Rédaction: Christian, Pyrs Carvolth, a16z
Traduction: Saoirse, Foresight News
Une vision de l'avenir, quasi définitivement établie, circule dans les cercles cryptographiques : la finance décentralisée (DeFi) et la finance traditionnelle (TradFi) convergeront, les liquidités sans autorisation rencontreront des canaux de distribution institutionnels, donnant finalement naissance à un système hybride ingénieux combinant le meilleur des deux mondes, et ce nouveau système remplacera l'ancien.
Cette vision semble attrayante, mais dans l'ensemble, elle ne tient pas.
La réalité est plus proche de ceci : la finance traditionnelle adoptera la technologie blockchain tant qu'elle l'aidera à optimiser ses activités existantes. Ce n'est pas parce qu'elle adhère à une philosophie de décentralisation, mais parce que la blockchain offre un avantage de coût très attractif — cette technologie peut réduire les coûts, rationaliser les processus de règlement, élargir les canaux commerciaux, tout en renforçant davantage son contrôle sur les clients.
Cela signifie que les diverses institutions financières ne fusionneront pas avec la DeFi. Au contraire, elles sélectionneront et adopteront les composants techniques DeFi conformes à leurs contraintes opérationnelles, rejetteront les parties inadaptées et remodeleront la DeFi autour de leurs propres besoins institutionnels.

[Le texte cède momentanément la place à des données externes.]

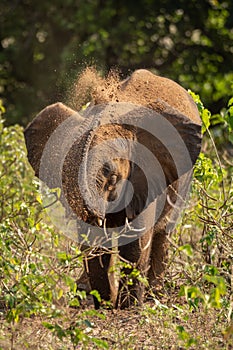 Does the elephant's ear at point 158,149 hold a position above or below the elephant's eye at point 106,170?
below

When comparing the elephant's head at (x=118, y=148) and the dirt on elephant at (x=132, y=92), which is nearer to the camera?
the elephant's head at (x=118, y=148)

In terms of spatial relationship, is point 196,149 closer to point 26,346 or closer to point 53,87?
point 26,346

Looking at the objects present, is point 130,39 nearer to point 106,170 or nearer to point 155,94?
point 155,94

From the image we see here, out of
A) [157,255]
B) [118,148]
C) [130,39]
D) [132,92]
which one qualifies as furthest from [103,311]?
[130,39]

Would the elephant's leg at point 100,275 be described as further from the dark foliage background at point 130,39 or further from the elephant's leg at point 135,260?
the dark foliage background at point 130,39

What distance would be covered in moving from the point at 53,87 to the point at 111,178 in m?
8.62

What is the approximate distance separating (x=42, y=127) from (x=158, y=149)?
→ 0.88 meters

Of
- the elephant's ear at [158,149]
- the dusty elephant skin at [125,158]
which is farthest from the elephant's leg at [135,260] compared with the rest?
the elephant's ear at [158,149]

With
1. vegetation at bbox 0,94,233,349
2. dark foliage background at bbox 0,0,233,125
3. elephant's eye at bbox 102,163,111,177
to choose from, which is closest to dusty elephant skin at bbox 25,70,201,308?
elephant's eye at bbox 102,163,111,177

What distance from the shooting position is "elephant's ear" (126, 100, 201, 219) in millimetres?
6801

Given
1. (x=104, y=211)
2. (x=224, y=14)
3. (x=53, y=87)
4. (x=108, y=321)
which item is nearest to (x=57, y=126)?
(x=104, y=211)

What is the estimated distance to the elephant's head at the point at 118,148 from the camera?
230 inches

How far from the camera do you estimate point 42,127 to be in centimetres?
670

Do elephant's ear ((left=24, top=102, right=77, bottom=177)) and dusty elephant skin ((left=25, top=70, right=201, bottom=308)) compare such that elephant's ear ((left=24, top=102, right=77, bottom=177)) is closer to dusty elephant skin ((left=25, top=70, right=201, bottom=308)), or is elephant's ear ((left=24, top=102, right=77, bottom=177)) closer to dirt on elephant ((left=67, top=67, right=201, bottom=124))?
dusty elephant skin ((left=25, top=70, right=201, bottom=308)) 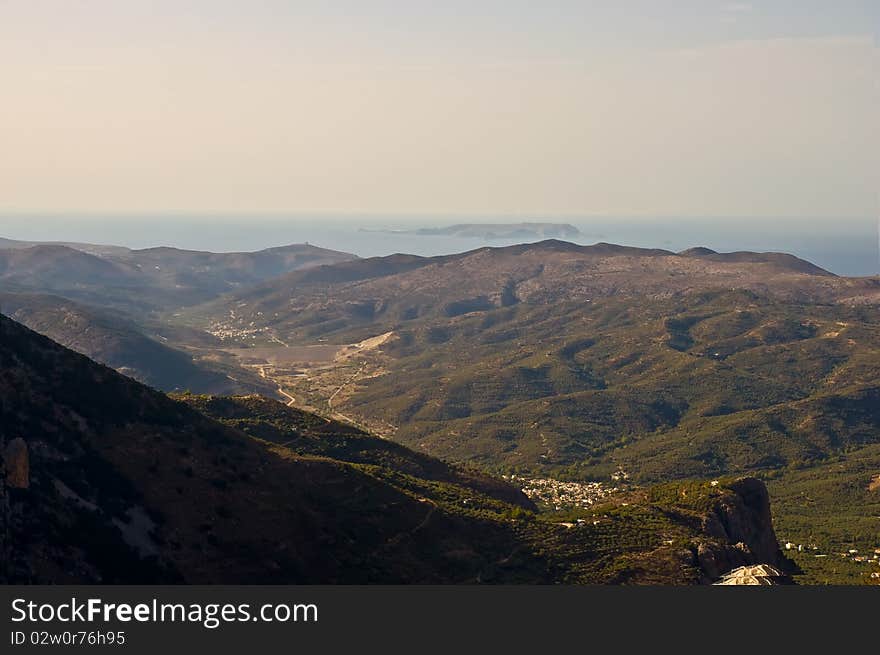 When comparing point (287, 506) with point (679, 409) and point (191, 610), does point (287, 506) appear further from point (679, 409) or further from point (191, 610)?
point (679, 409)

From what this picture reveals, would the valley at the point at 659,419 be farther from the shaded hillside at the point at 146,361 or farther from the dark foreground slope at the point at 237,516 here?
the dark foreground slope at the point at 237,516

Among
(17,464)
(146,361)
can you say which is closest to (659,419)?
(146,361)

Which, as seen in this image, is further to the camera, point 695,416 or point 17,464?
point 695,416

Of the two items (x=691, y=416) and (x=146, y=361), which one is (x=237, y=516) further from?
(x=146, y=361)

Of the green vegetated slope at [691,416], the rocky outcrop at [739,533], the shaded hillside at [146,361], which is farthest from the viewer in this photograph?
the shaded hillside at [146,361]

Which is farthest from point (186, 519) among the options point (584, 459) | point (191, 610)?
point (584, 459)

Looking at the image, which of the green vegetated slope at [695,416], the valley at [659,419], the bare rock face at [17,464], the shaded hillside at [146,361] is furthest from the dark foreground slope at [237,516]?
the shaded hillside at [146,361] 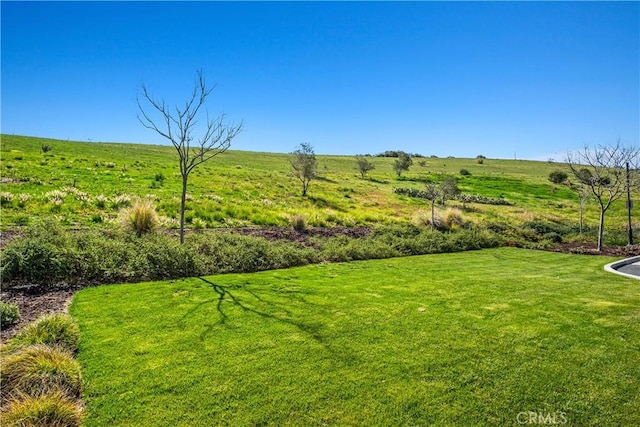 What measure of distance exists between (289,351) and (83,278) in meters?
7.06

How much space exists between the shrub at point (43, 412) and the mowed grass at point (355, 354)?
8.1 inches

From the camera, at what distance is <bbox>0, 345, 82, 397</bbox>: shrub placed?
15.2 ft

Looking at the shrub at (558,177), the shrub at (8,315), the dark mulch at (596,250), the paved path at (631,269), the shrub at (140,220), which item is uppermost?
the shrub at (558,177)

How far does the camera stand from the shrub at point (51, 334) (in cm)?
577

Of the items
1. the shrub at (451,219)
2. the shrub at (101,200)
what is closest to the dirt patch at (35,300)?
the shrub at (101,200)

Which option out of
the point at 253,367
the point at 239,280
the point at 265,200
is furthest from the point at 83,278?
the point at 265,200

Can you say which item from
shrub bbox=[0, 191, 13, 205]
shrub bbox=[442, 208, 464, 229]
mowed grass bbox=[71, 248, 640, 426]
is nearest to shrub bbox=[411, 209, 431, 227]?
shrub bbox=[442, 208, 464, 229]

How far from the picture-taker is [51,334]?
591 cm

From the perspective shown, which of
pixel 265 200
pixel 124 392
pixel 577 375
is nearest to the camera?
pixel 124 392

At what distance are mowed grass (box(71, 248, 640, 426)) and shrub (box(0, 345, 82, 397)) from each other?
213 mm

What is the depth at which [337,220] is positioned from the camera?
2606 cm

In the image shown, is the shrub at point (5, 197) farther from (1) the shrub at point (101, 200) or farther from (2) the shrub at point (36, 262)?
(2) the shrub at point (36, 262)

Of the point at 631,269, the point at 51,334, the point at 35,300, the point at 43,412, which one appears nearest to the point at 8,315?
the point at 35,300

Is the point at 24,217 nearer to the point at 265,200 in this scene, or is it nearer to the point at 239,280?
the point at 239,280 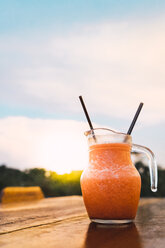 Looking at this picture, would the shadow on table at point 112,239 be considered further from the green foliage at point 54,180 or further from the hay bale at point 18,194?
the green foliage at point 54,180

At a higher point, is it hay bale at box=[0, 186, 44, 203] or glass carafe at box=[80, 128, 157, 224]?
glass carafe at box=[80, 128, 157, 224]

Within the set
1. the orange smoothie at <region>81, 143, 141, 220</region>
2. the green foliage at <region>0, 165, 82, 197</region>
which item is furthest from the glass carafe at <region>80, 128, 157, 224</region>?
the green foliage at <region>0, 165, 82, 197</region>

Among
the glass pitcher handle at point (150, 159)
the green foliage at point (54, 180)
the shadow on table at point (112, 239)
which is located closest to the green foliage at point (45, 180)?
the green foliage at point (54, 180)

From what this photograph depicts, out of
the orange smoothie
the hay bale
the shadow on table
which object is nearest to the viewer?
the shadow on table

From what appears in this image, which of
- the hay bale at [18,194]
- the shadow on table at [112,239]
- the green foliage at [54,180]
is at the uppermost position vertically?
the shadow on table at [112,239]

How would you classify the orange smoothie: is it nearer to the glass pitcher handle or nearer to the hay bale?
the glass pitcher handle

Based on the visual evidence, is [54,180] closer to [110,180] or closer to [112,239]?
[110,180]

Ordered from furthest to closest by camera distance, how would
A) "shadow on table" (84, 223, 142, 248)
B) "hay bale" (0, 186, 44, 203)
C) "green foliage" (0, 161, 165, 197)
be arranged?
"green foliage" (0, 161, 165, 197)
"hay bale" (0, 186, 44, 203)
"shadow on table" (84, 223, 142, 248)

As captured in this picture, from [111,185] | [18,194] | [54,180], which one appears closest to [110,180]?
[111,185] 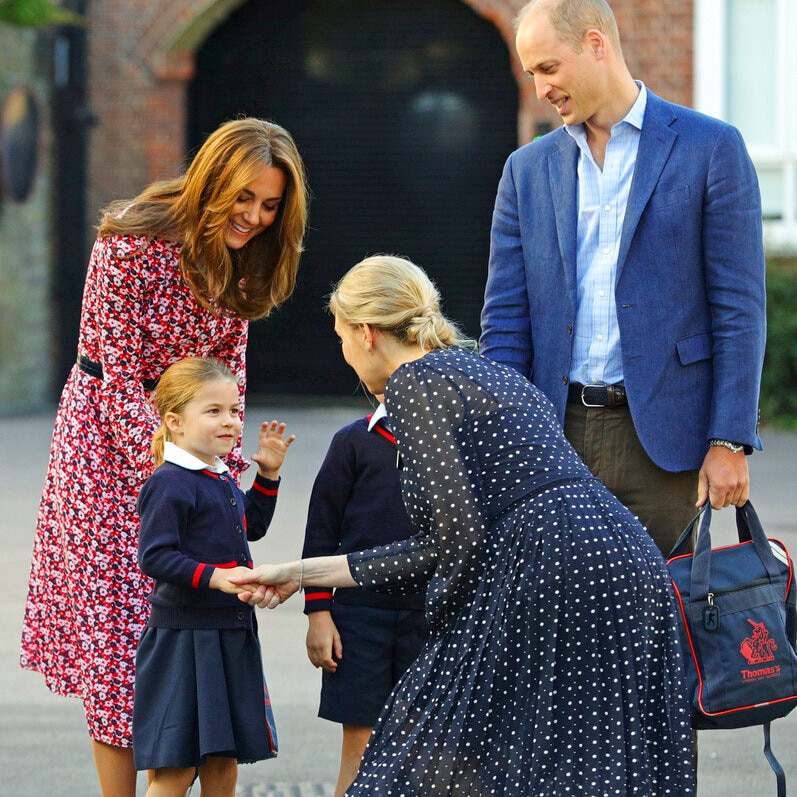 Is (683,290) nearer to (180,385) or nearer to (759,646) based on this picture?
(759,646)

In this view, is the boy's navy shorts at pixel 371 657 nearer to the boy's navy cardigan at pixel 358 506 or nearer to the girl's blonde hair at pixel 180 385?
the boy's navy cardigan at pixel 358 506

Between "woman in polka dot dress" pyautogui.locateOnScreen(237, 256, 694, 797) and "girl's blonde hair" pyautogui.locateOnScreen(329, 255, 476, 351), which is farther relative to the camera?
"girl's blonde hair" pyautogui.locateOnScreen(329, 255, 476, 351)

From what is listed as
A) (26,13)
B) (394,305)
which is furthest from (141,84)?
(394,305)

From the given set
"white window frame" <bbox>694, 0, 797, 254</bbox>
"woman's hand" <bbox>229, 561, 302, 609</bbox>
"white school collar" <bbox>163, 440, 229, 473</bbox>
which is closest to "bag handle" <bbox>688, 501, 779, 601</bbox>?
"woman's hand" <bbox>229, 561, 302, 609</bbox>

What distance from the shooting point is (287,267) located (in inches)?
142

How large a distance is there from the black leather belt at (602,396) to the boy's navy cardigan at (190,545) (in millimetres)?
891

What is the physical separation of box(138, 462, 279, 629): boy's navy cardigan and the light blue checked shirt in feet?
3.04

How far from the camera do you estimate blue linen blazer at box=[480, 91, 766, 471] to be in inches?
132

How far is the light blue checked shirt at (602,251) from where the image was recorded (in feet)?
11.4

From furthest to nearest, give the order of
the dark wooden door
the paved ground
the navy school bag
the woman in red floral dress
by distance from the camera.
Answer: the dark wooden door → the paved ground → the woman in red floral dress → the navy school bag

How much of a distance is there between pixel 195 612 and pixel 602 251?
132cm

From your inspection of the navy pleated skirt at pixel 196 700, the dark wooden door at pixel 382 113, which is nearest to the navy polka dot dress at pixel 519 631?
the navy pleated skirt at pixel 196 700

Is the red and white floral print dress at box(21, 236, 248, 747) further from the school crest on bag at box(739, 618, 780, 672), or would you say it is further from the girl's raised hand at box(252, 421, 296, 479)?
the school crest on bag at box(739, 618, 780, 672)

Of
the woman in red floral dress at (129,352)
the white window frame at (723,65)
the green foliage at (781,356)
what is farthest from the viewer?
the white window frame at (723,65)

Le résultat final sera différent à la fois de la finance traditionnelle et de la DeFi actuelle. Nous assistons à l'émergence d'un tout nouveau segment : une infrastructure financière programmable construite sur une base blockchain et optimisée pour les contraintes commerciales des institutions.
À mesure que les cadres réglementaires mûrissent, le paysage industriel pourrait changer. Des lois comme le CLARITY Act pourraient à l'avenir réduire les obstacles à l'accès direct des institutions aux systèmes sans autorisation. Mais même si les lois et règlements assouplissent les restrictions, l'appétit pour le risque de la finance traditionnelle ne changera pas du jour au lendemain. Les institutions évaluent les technologies à travers quatre dimensions principales : coût, risque, capacité de contrôle, et adéquation aux activités, ce qui signifie qu'il existe deux opportunités majeures pour l'industrie cryptographique, et non pas une seule voie.
Première opportunité : aider les institutions à déployer l'infrastructure qu'elles peuvent adopter aujourd'hui. Chaque composant de base adopté par les institutions — règlement atomique, monnaie programmable, garanties tokenisées, etc. — valide la faisabilité technique, construit un réseau sous-jacent commun et amène des volumes réels de capitaux et de transactions sur la chaîne.
Deuxième opportunité : continuer à construire le système financier ouvert et natif de l'écosystème cryptographique, un système qui n'est pas encore accepté par les institutions.
Ces deux segments ne s'affrontent pas nécessairement ; ils peuvent parfaitement se développer en parallèle. Gérés efficacement, ils peuvent s'alimenter mutuellement. Les réseaux et écosystèmes ouverts produisent en continu des modules de base, des modèles de marché et des innovations, qui sont ensuite adoptés par les institutions. Si les deux voies atteignent leur maturité, une fusion se produira naturellement : non pas par le remplacement complet d'un système par l'autre, mais par une utilisation croissante d'une même infrastructure sous-jacente par les deux.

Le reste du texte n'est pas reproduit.